▶ Input records:
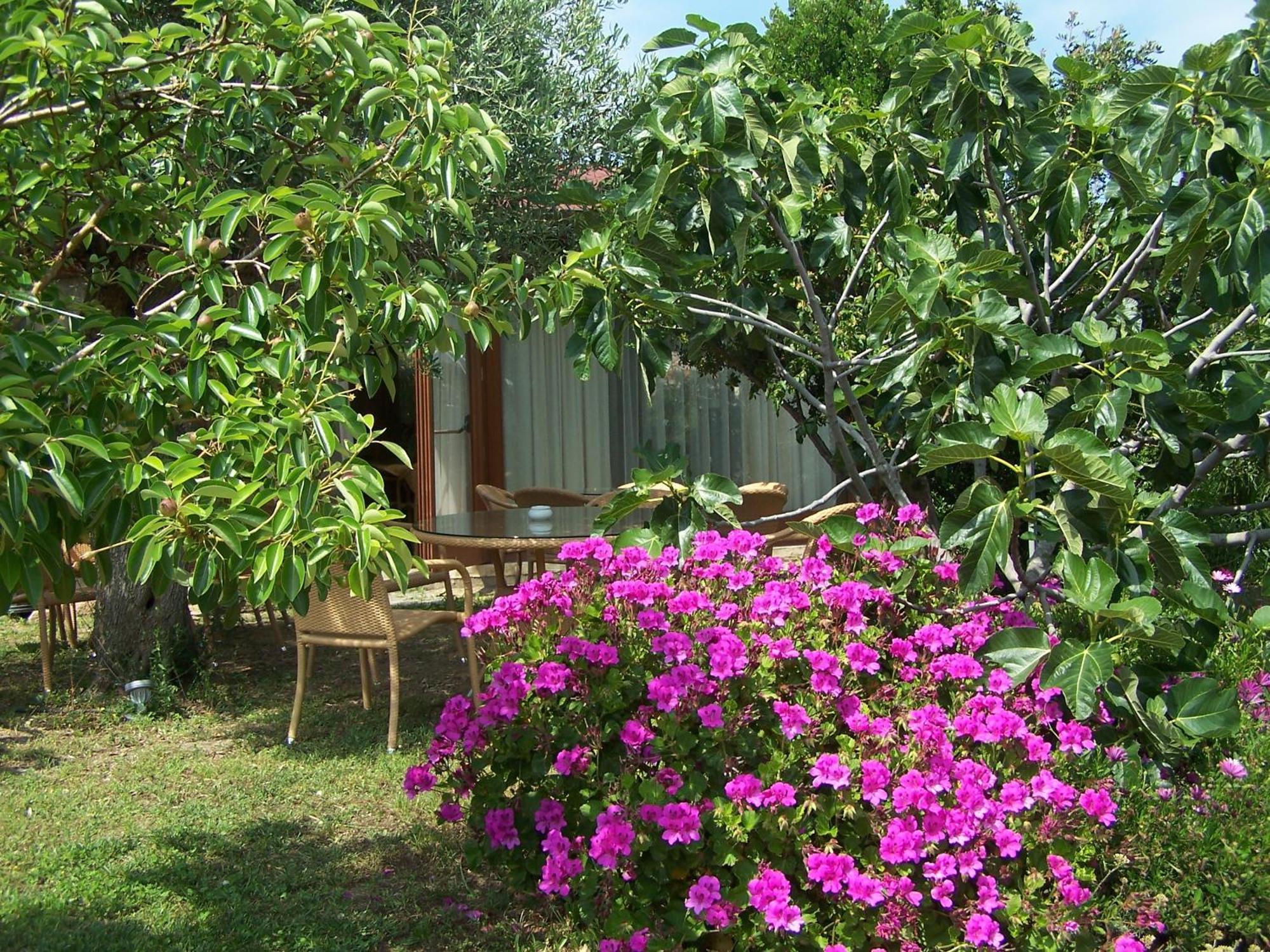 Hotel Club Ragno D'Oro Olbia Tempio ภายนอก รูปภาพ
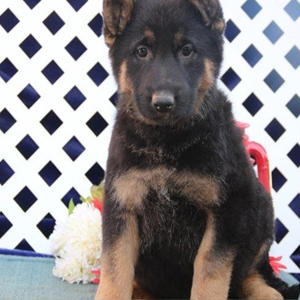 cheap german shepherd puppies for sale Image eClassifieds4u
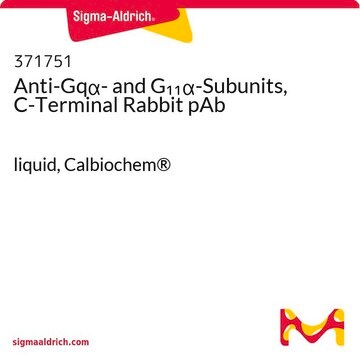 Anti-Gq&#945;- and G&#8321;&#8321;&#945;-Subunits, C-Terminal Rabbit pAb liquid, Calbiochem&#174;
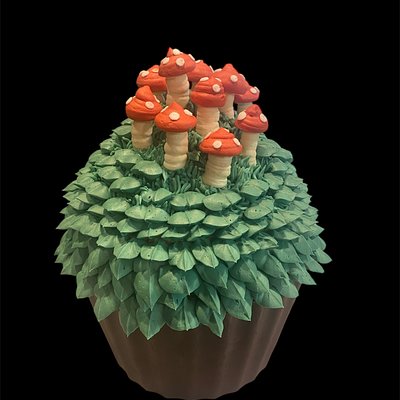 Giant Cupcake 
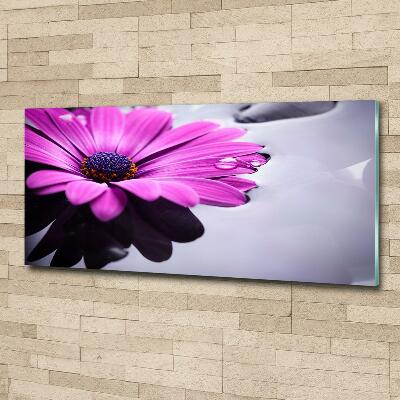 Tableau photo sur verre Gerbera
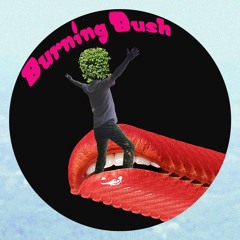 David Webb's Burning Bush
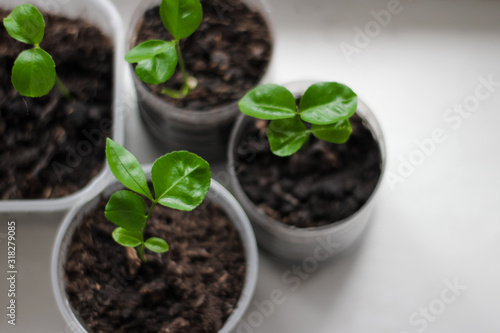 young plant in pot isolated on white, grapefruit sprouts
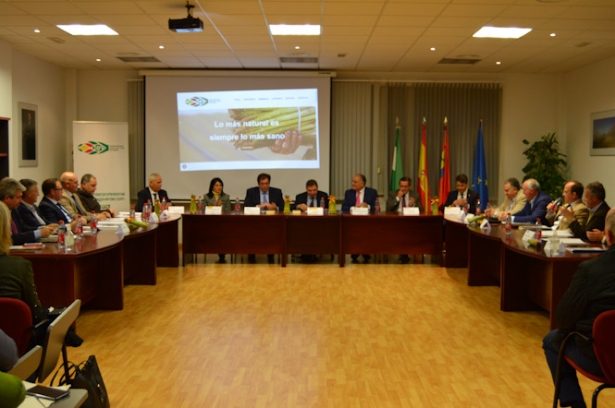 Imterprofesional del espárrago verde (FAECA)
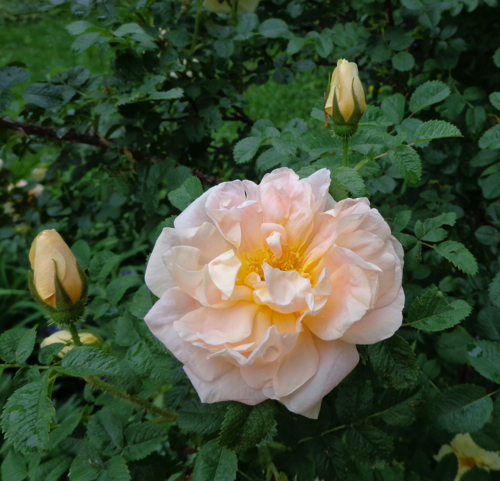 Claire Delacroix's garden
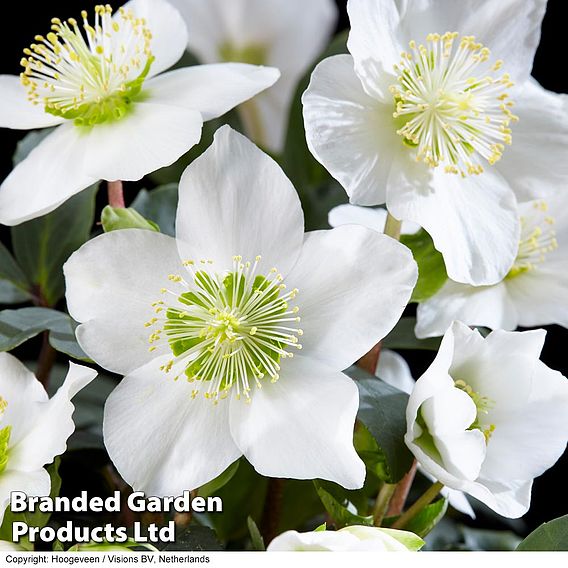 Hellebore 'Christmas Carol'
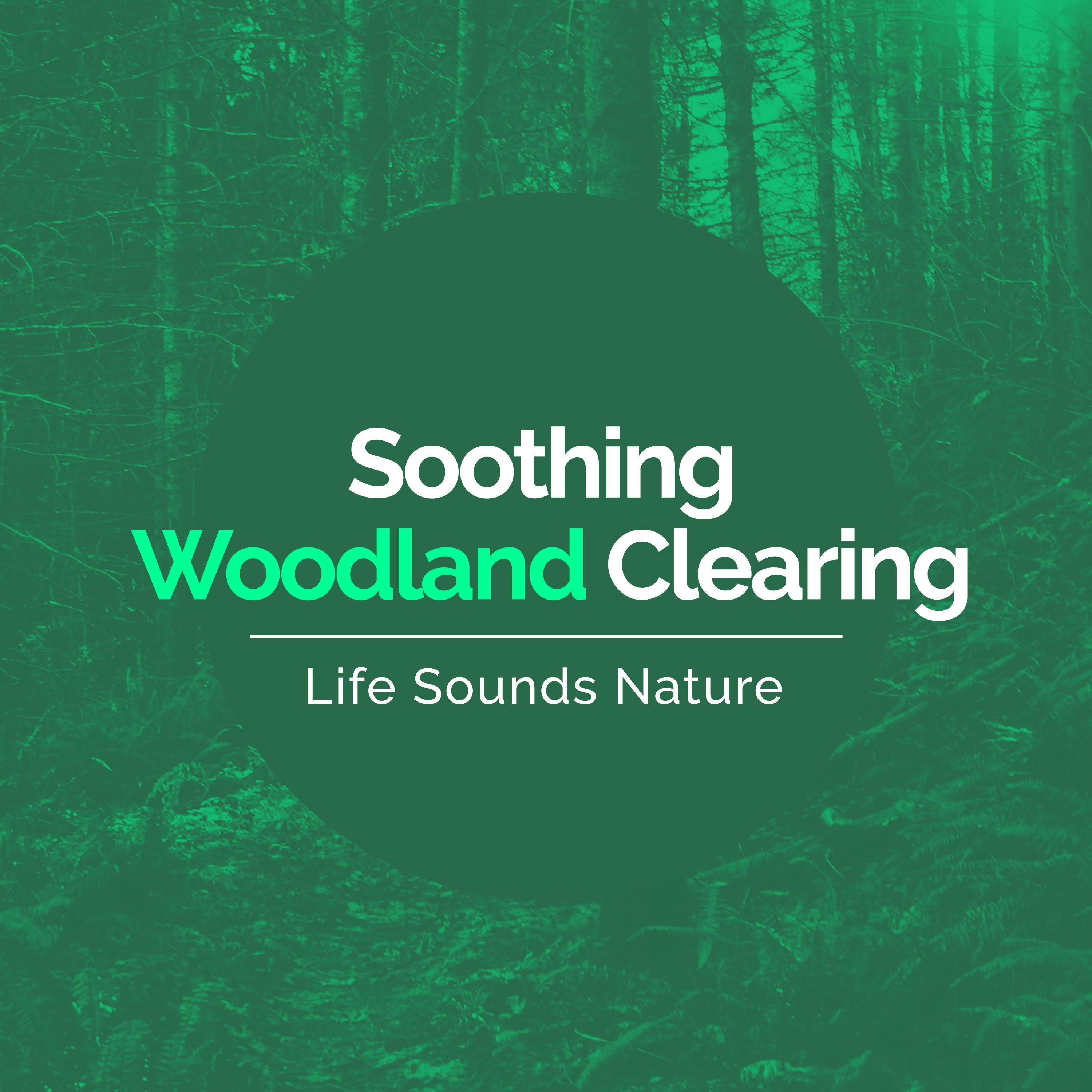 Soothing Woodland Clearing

▶ Task to carry out: Only the lines from the one containing "Imterprofesional del espárrago verde (FAECA)" through the final line of the records should be transcribed, exactly and with no pictures.

▶ Answer space:
 Imterprofesional del espárrago verde (FAECA)
 Claire Delacroix's garden
 Hellebore 'Christmas Carol'
 Soothing Woodland Clearing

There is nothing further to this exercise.